Farmers Market Update: Puerto Rico

by | Jun 26, 2011
Sweet Red Ajicitos

Sweet Red Ajicitos

Before we get started on this week’s amazing farmers market update from Puerto Rico, I want to announce that I’m going to start offering farmers market tours/classes for small groups in San Francisco. I hope you can join us!

Adriana Angelet is a food lover and blogger from Trujillo Alto, Puerto Rico. She cooks and shares balcony gardening duties with her husband, Eduardo, and their recao eating kitten Gatamiaux. Visit her beautiful blog Great Food 360.

Farmers Market Update: Puerto Rico

by Adriana Angelet

I am very excited to share today some of our finds from the Cooperativa Organica Madre Tierra’s bi-monthly farmer’s market. The farmers set up their stands at the Placita Roosevelt, a fifteen-minute drive from the Old San Juan area, on the first and third Sundays of every month. The market operates year-round; this is definitely one of the blessings of our tropical weather!
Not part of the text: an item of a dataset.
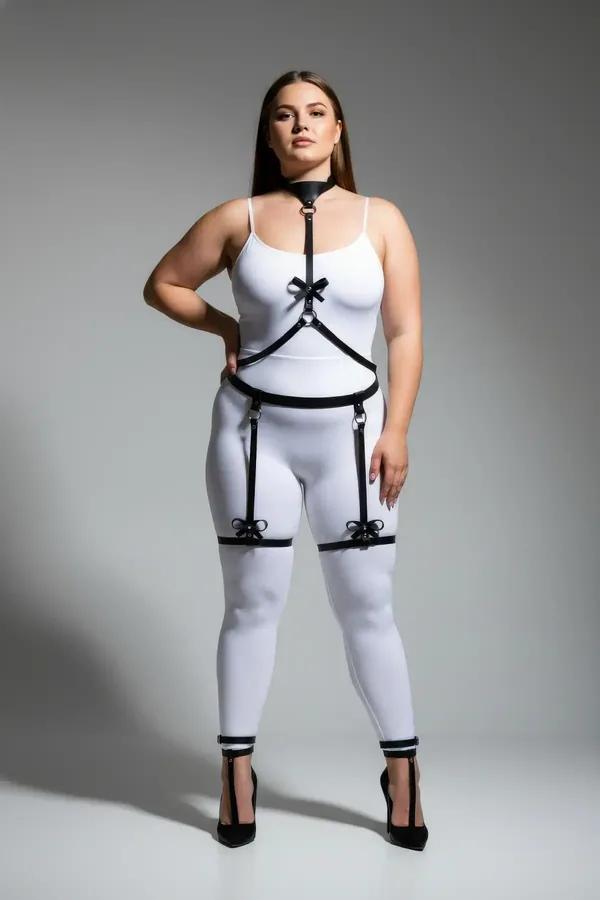 Body Harness with Bow Garter Straps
The farmers’ coop that organizes the market recently celebrated its tenth anniversary.

Cooperativa Organica Madre Tierra Market

Cooperativa Organica Madre Tierra Market

Our first stop was Nelson’s table, where we purchased our regular greens (curly leaf and red leaf lettuces, arugula, spinach, and pac choi), which are available year-round.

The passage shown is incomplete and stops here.